How to read the code

main.py defines perplexity, expected_calibration_error, brier_score, reliability_diagram, and the CalibrationReport / PerplexityResult dataclasses. The demo runs on synthetic predictions where the ground truth is known: a well-calibrated model, an overconfident one, and an underconfident one. The tests in code/tests/test_calibration.py pin every edge case plus reference values for the synthetic predictors.

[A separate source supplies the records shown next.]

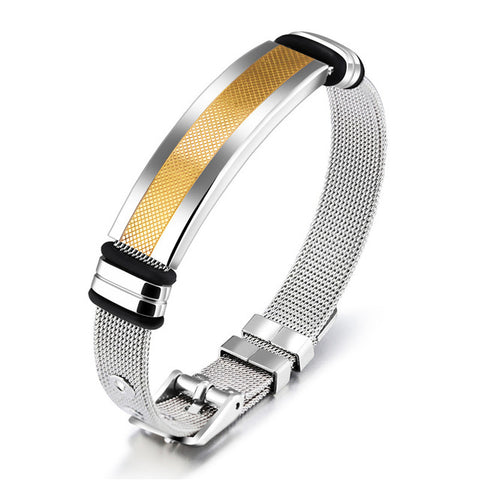 Gold-colored Cross Silver Bracelet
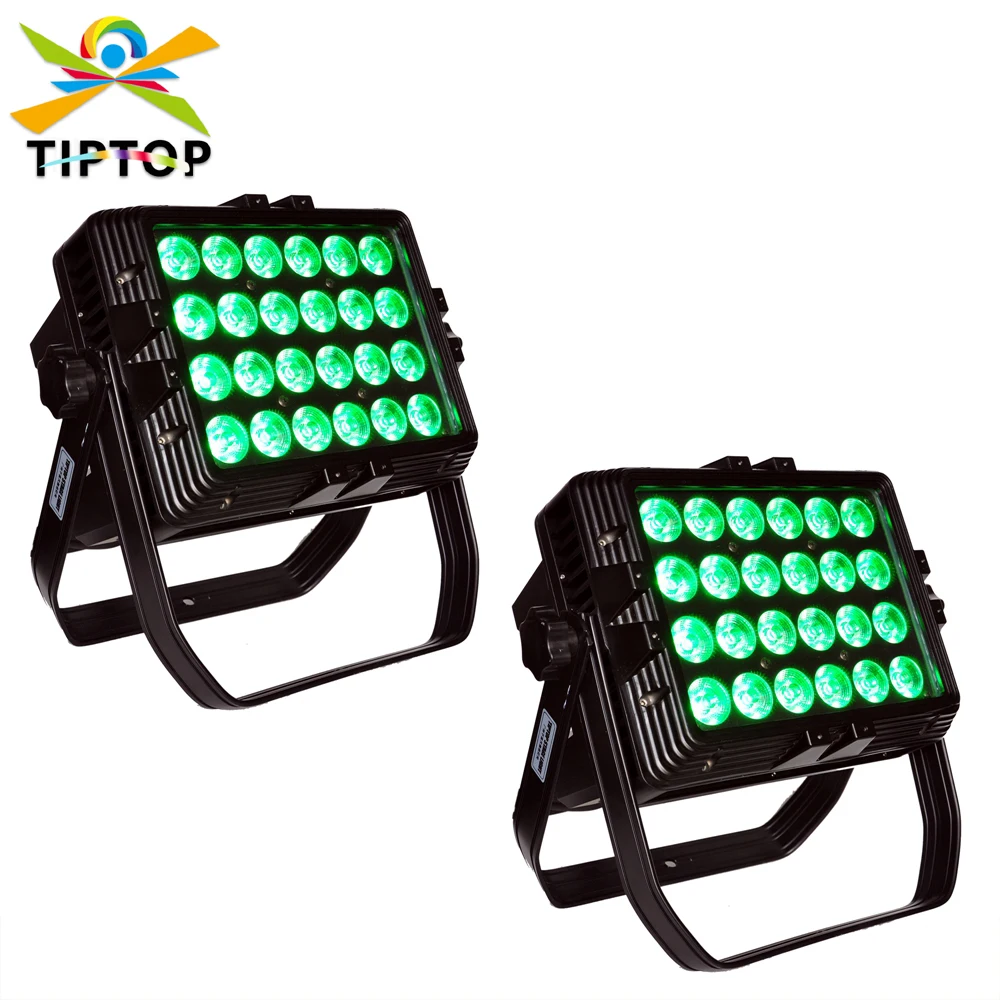 Freeshipping 2 Units High Power 24x18W RGBWA UV 6IN1 Color Waterproof Led Flood Light Park Garden Church Outside Led Lighting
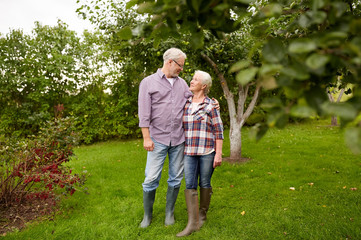 Fototapeta premium happy senior couple hugging at summer garden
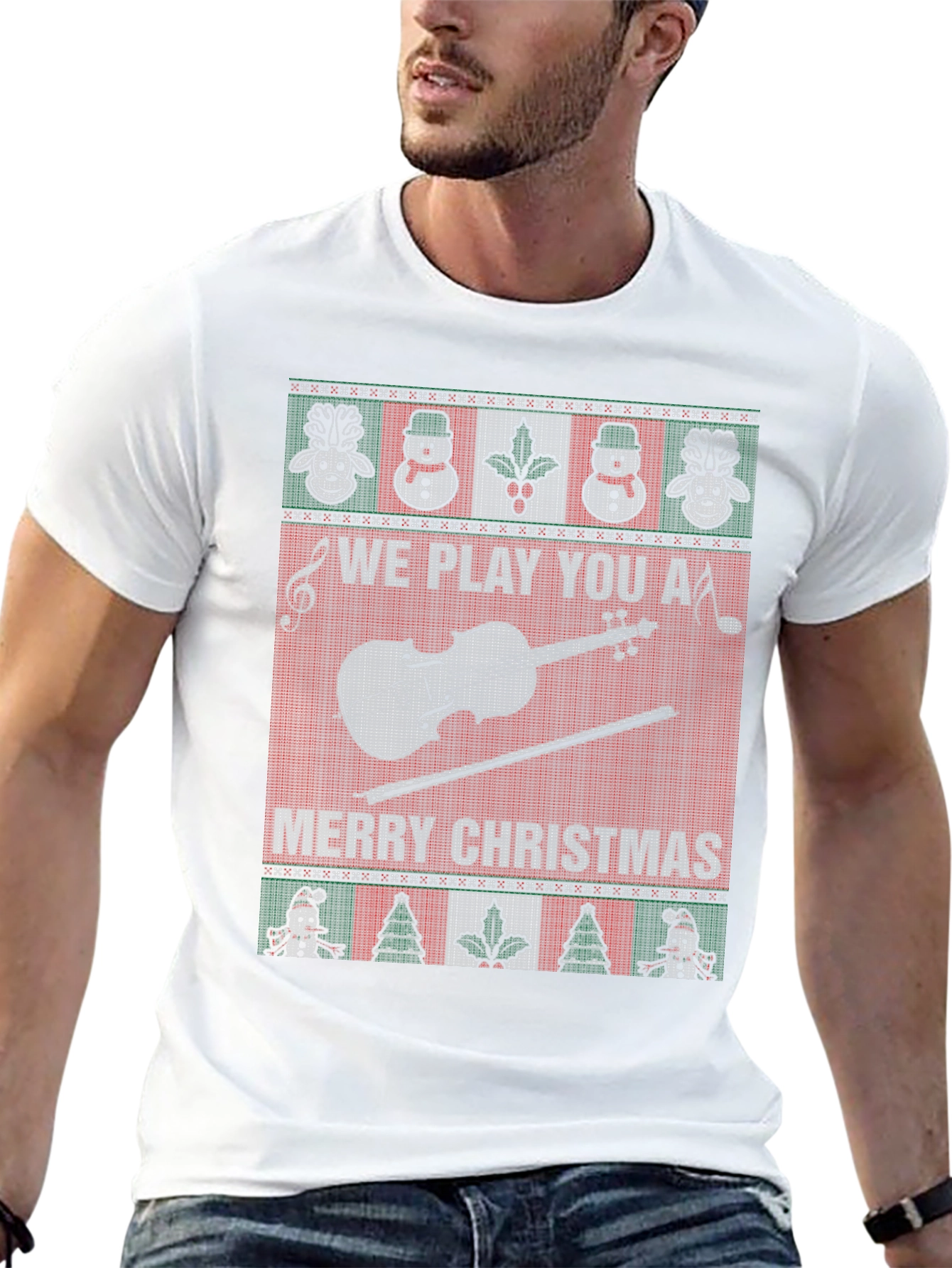 Funny Christmas Violin Sweater Style T-Shirt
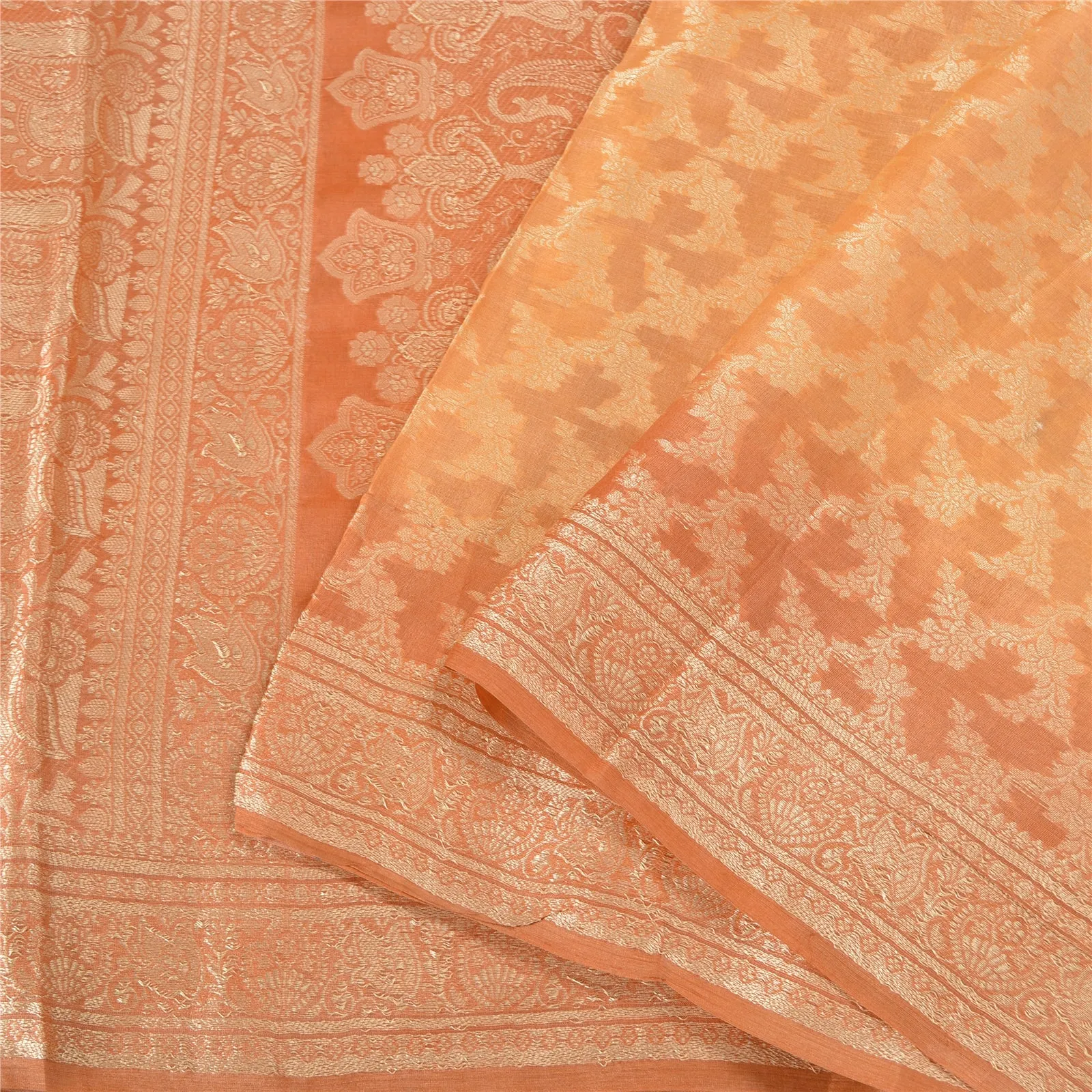 Sanskriti Vintage Peach Indian Sarees 100% Pure Silk Woven Sari 5 YD Fabric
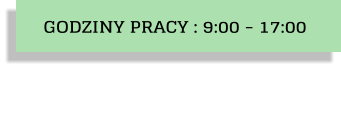 GODZINY PRACY : 9:00 - 17:00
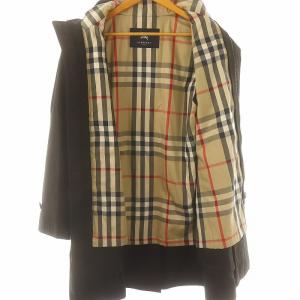 BURBERRY LONDON ライナー付きスタンドカラーコート アウター ミドルロング ノバチェック柄裏地 ベルト付き M 黒 ブラック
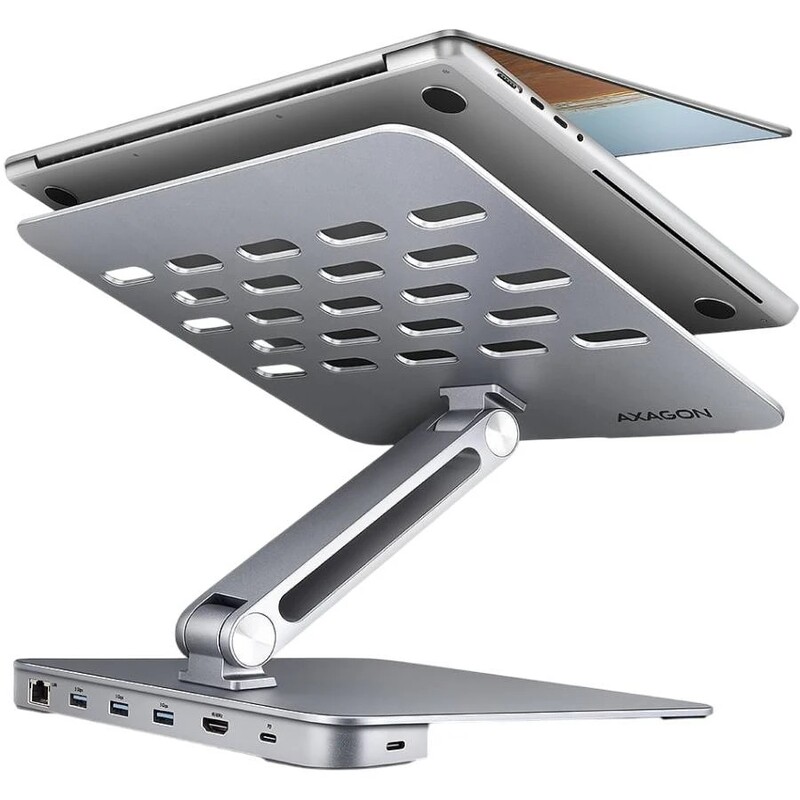 Підставка для ноутбука Axagon HMC-STND USB-C 7 in 1 Silver (HMC-STND)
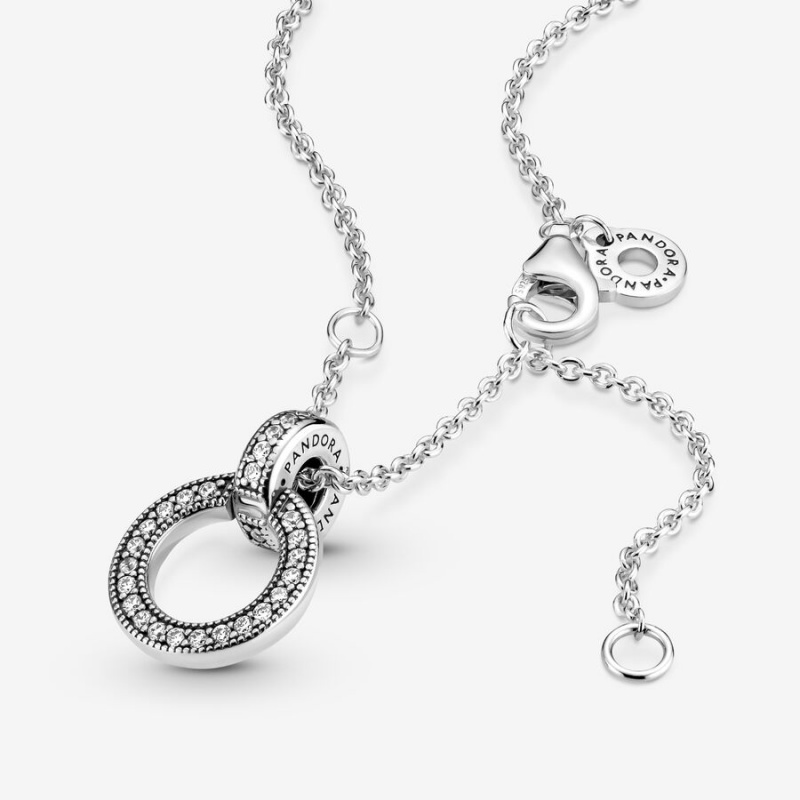 Pandora Double Circle Pendant Necklaces Sterling Silver | 350-WPNCIQ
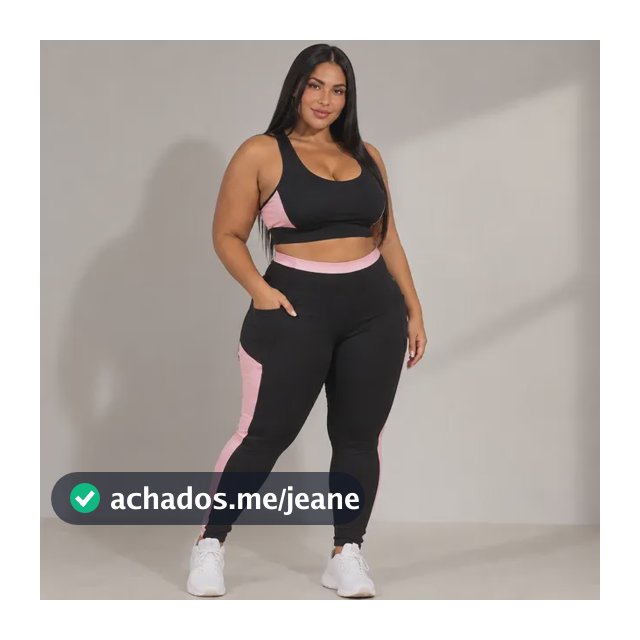 Conjunto Plus Size Academia Top E Legging Fitness Kit Roupa
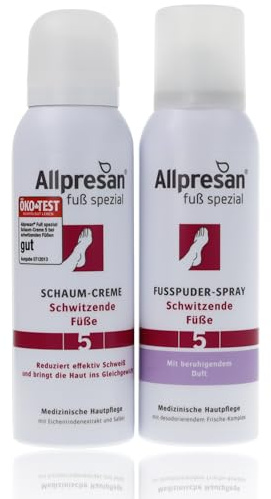 Allpresan fotspecial nr 5 vårdset mot svettfötter med skumkräm 125 ml och fotpulverspray 125 ml för daglig vård av starkt svettiga fötter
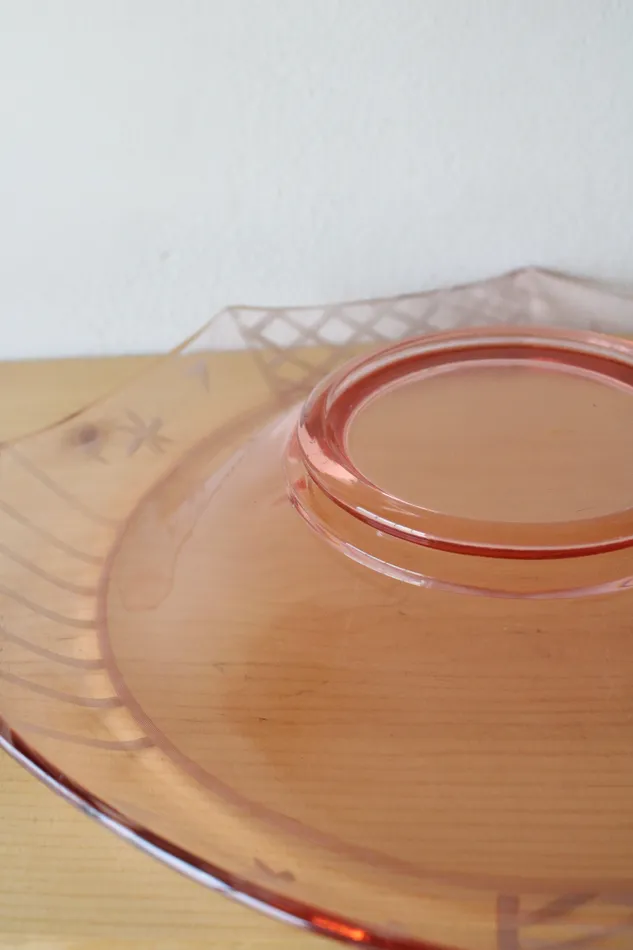 Earrings Vintage Rolled Edge Pink Glass Depression Dish Jubilee Thrift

Read main.py top to bottom. The function ordering goes scalar to vector to report. Each function has a short docstring with the math and the contract.

Going further

Calibration is the most ignored axis in published eval. Most leaderboards report a single accuracy number and call it done. A model that wins on accuracy and loses on Brier is a worse production deployment than a model that scores a few points lower on accuracy but reliably reports its uncertainty. Once you have the calibration plumbing in place, add temperature scaling on a held-out validation slice, recompute ECE, and watch the gap shrink. That is a separate lesson, but the floor lives here.